KPN sued Gemalto for infringement of US Patent No. 6,212,662 (the '662 patent). Gemalto moved for judgment on the pleadings under FRCP Rule 12(c) asserting claims 1-4 were patent ineligible under 35 USC 101. The district court granted the motion concluding that claims 1-4 recited no more than mere abstract data manipulation operations ineligible under Alice v. CLS Bank and subsequent court decisions.
On appeal, KPN only challenged the district court's ineligibility decision with respect to dependent claims 2-4, which recited:
1. A device for producing error checking based on original data provided in blocks with each block having plural bits in a particular ordered sequence, comprising:
a generating device configured to generate check data; and
a varying device configured to vary original data prior to supplying said original data to the generating device as varied data;
wherein said varying device includes a per-mutating device configured to perform a permutation of bit position relative to said particular ordered sequence for at least some of the bits in each of said blocks making up said original data without reordering any blocks of original data.
2. The device according to claim 1, wherein the varying device is further configured to modify the permutation in time.
3. The device according to claim 2, wherein the varying is further configured to modify the per-mutation based on the original data.
4. The device according to claim 3, wherein the permutating device includes a table in which subsequent permutations are stored.
As to the appealed claims 2-4, the Federal Circuit reversed, stating:
"Rather than being merely
directed to the abstract idea of data manipulation, these
claims are directed to an improved check data generating
device that enables a data transmission error detection system to detect a specific type of error that prior art systems
could not.
In data transmission systems, it is common to generate something called “check data” to check whether data was accurately transmitted over a communications channel. Check data is generated based on the original data and thus serves as a shorthand representation of a particular block of data. By comparing the check data generated at both ends of the communication channel, error detection systems may be able to infer whether errors occurred during transmission. For example, if the check data from both ends match, the system infers that the content of the received data block is the same as what was transmitted and thus concludes that no errors occurred during transport.

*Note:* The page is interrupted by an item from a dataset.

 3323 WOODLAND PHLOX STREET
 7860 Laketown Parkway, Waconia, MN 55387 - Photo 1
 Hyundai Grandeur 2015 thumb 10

But, as the ’662 patent recognizes, matching check data is not always a reliable indicator of accurate data transmissions. According to the patent, certain generating functions coincidentally produce the same check data for a corrupted data block and an uncorrupted data block. When this happens, the check data is functionally defective, because the system will mistakenly believe that there were no errors in the data transmission. The problem of defective check data is aggravated for a particular type of persistent error, i.e., “systematic error,” that repeats across data blocks in the same way.
According to the ’662 patent, prior art error detection systems were unable to reliably detect systematic errors. Once the prior art system generated defective check data for an initial data block with a given systematic error, the system would continue to generate defective check data for subsequent data blocks with the same systematic error, thus allowing these types of errors to persist in the system.
The ’662 patent solves this problem by varying the way check data is generated by varying the permutation applied to different data blocks. Varying the permutation for each data block reduces the chances that the same systematic error will produce the same defective check data across different data blocks. Claims 2–4 thus replace the prior art check data generator with an improved, dynamic check data generator that enables increased detection of systematic errors that recur across a series of transmitted data blocks.
As with other claims we have found to be patent eligible in prior cases, the appealed claims represent a nonabstract improvement in the functionality of an existing technological process and not simply an abstract idea of manipulating data. Accordingly, we reverse the district court’s grant of Appellees’ Rule 12(c) motion that claims 2–4 are ineligible on the pleadings."